Please output every record exactly, keeping each line as it is.
##### Entries provided
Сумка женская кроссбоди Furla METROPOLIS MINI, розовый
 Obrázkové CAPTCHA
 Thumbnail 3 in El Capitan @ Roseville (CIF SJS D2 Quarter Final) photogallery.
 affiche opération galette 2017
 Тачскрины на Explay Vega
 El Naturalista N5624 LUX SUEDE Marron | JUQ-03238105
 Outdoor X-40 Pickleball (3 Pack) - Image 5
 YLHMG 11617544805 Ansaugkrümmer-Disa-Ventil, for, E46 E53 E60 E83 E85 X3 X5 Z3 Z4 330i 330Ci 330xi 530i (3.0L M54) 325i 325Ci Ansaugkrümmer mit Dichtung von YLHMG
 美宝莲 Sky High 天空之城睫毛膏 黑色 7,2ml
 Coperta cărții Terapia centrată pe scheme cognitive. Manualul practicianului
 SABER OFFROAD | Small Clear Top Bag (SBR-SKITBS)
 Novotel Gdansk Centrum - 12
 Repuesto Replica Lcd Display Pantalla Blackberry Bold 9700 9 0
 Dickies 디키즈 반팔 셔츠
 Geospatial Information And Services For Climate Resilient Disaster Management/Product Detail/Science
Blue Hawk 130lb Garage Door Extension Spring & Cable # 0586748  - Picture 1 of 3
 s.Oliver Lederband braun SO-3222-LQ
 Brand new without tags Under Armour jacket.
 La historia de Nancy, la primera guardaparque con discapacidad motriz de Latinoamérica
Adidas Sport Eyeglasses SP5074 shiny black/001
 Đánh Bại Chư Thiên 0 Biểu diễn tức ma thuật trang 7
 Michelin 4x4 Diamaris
##########
## Response
Сумка женская кроссбоди Furla METROPOLIS MINI, розовый
 Obrázkové CAPTCHA
 Thumbnail 3 in El Capitan @ Roseville (CIF SJS D2 Quarter Final) photogallery.
 affiche opération galette 2017
 Тачскрины на Explay Vega
 El Naturalista N5624 LUX SUEDE Marron | JUQ-03238105
 Outdoor X-40 Pickleball (3 Pack) - Image 5
 YLHMG 11617544805 Ansaugkrümmer-Disa-Ventil, for, E46 E53 E60 E83 E85 X3 X5 Z3 Z4 330i 330Ci 330xi 530i (3.0L M54) 325i 325Ci Ansaugkrümmer mit Dichtung von YLHMG
 美宝莲 Sky High 天空之城睫毛膏 黑色 7,2ml
 Coperta cărții Terapia centrată pe scheme cognitive. Manualul practicianului
 SABER OFFROAD | Small Clear Top Bag (SBR-SKITBS)
 Novotel Gdansk Centrum - 12
 Repuesto Replica Lcd Display Pantalla Blackberry Bold 9700 9 0
 Dickies 디키즈 반팔 셔츠
 Geospatial Information And Services For Climate Resilient Disaster Management/Product Detail/Science
Blue Hawk 130lb Garage Door Extension Spring & Cable # 0586748  - Picture 1 of 3
 s.Oliver Lederband braun SO-3222-LQ
 Brand new without tags Under Armour jacket.
 La historia de Nancy, la primera guardaparque con discapacidad motriz de Latinoamérica
Adidas Sport Eyeglasses SP5074 shiny black/001
 Đánh Bại Chư Thiên 0 Biểu diễn tức ma thuật trang 7
 Michelin 4x4 Diamaris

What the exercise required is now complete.